“The Narcissistic personality disorder is created in childhood by weak or ineffective parents who don’t create clear boundaries for the child.”
When my husband I were having our first child, I, ever studious and dutiful, signed us up for a parenting course with a psychologist who offered tips and strategy in the art of parenting. I recalled the line from the movie Parenthood, so eloquently spoken by a stoned Keanu Reeves,” You need a license to buy a dog, or drive a car. Hell, you even need a license to catch a fish, but they’ll let any butt-reaming asshole be a father.” While I didn’t think my husband and I would be butt-reaming assholes in our parenting styles, I did worry that we really had no training in the matter. I reasoned that we should probably consult an expert in lieu of this elusive non-existent parenting license.
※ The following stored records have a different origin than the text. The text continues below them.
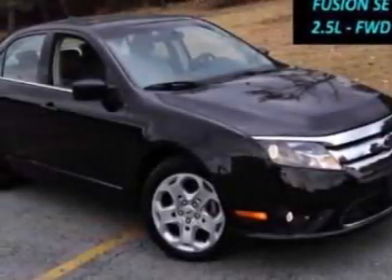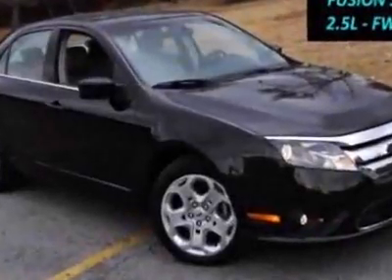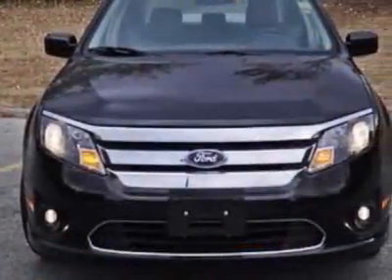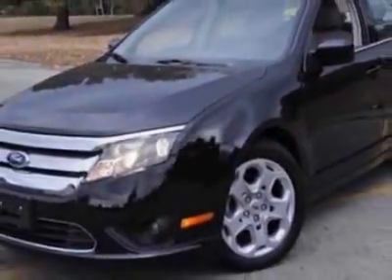Look at this 2010 Ford Fusion. Carfax has certified this Fusion as having one owner. This Fusion has just under 36,500 miles. For your protection, this vehicle has a factory warranty.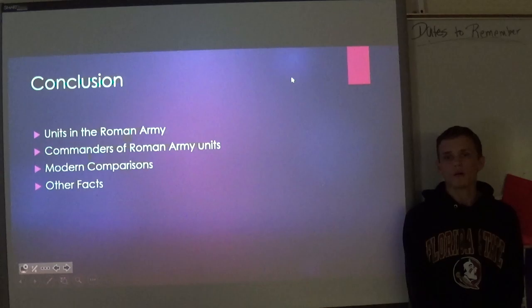In conclusion, I discussed the units in the Roman Army, the commanders of Roman Army units, I drew modern comparisons using the United States Air Force and the United States Army as they are seen today, as well as other facts about the Roman Army. This concludes my presentation.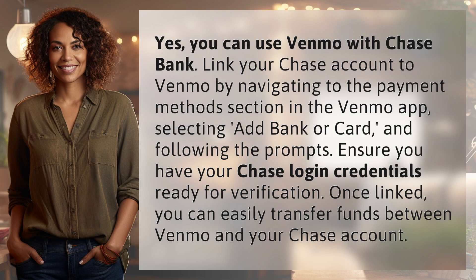Yes, you can use Venmo with Chase Bank. Link your Chase account to Venmo by navigating to the Payment Methods section in the Venmo app, selecting Add Bank or Card, and following the prompts. Ensure you have your Chase login credentials ready for verification. Once linked, you can easily transfer funds between Venmo and your Chase account.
The course consisted of basically explaining all the major personality disorders that adults can be diagnosed with, and then the psychologist explaining to us how not to saddle them upon our children. For example, if you don’t want your child to be a psychopath, don’t lock them in the closet for long periods of time.
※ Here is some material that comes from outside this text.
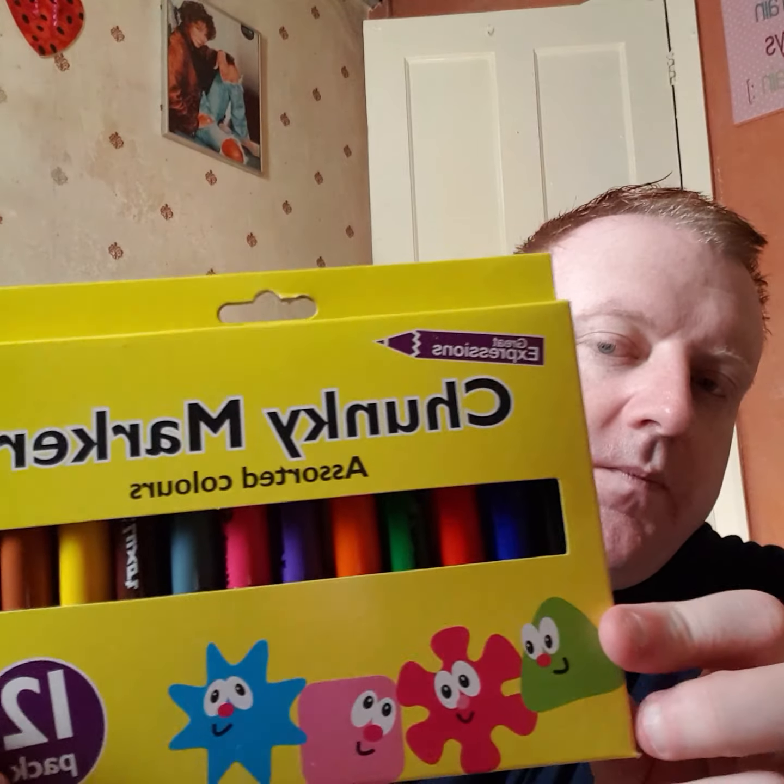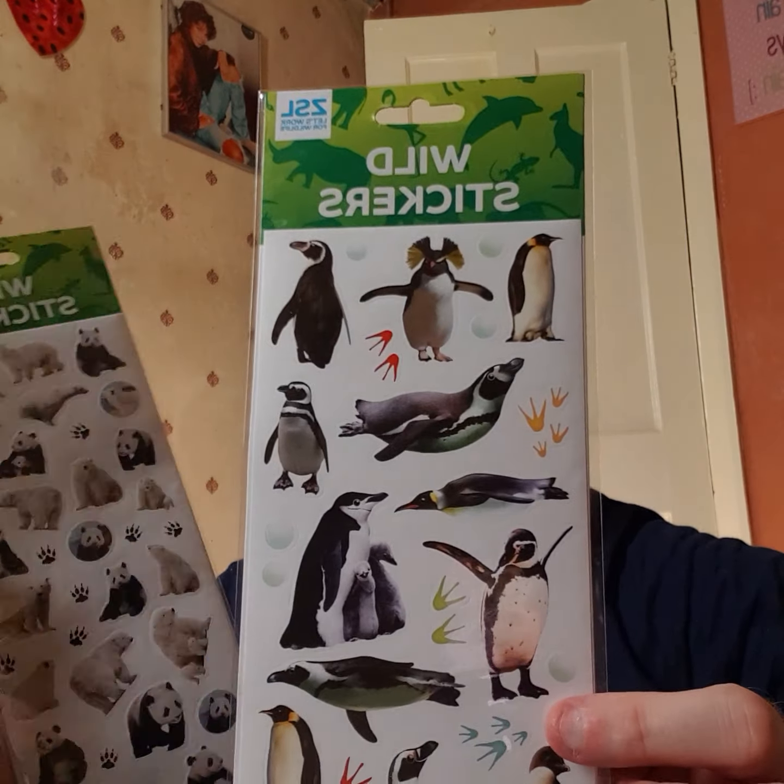Next thing I bought was the chunky markers. And the sweets - Opal fruits. And some stickers. We've got polar bears, all different bears on there. And these ones are penguins - wildlife stickers. And they were two for a pound, so not a pound each, two for a pound.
But seriously, one thing that did really resonate with me was the idea of how the Narcissistic personality disorder is created in childhood by weak or ineffective parents who don’t create clear boundaries for the child. In other words, when the child is made to feel they are in charge, they are, in reality, given a great deal of insecurity. Because if mommy or daddy are not in charge, then I must be. Even if the power of this position may feel good on some level, deep down the child understands that this is an incorrect power structure.
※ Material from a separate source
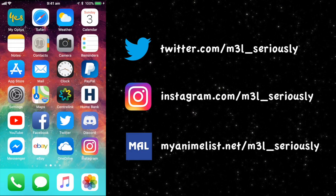Hey everyone, it's M3L Seriously, and welcome to another episode of Manga Collecting 101. Today I thought I would go through how to plan what manga you're buying each month. I'm a very organized person and this is probably over the top compared to what a lot of other people do, but I thought this might be useful to give you some tips on how to be organized and plan financially.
The therapist noted, that a child who is in a parenting situation without discipline and parents who are in charge, will often gravitate in energy and even affection to an adult who demonstrates themselves to be in charge, because they feel safe to the child.
It is interesting to note a situation where I saw this principle in practice. I was teaching yoga to a group of preschoolers and there was one boy in particular who I knew often got away with hitting his mother and was not given any clear boundaries at home. He started acting up in my class. I very kindly but very strictly told him that it was not acceptable. This went on for several weeks, where I would calmly tell him no, or remove him from the class. For a few weeks, when I came in to teach, most of the children greeted me with a warm hug, except this boy who would beam me with a glaring stink eye.
But then one day, the most remarkable thing happened, when I came into the class to teach, he ran across the room to me embraced me with the biggest hug. From then on he was enthusiastic in yoga class always sitting in the front row. I had earned his respect, as well as made him feel safe. Sometimes, the best gift we can give our kids is the message that you are safe to be a child, because “I’ve got this”.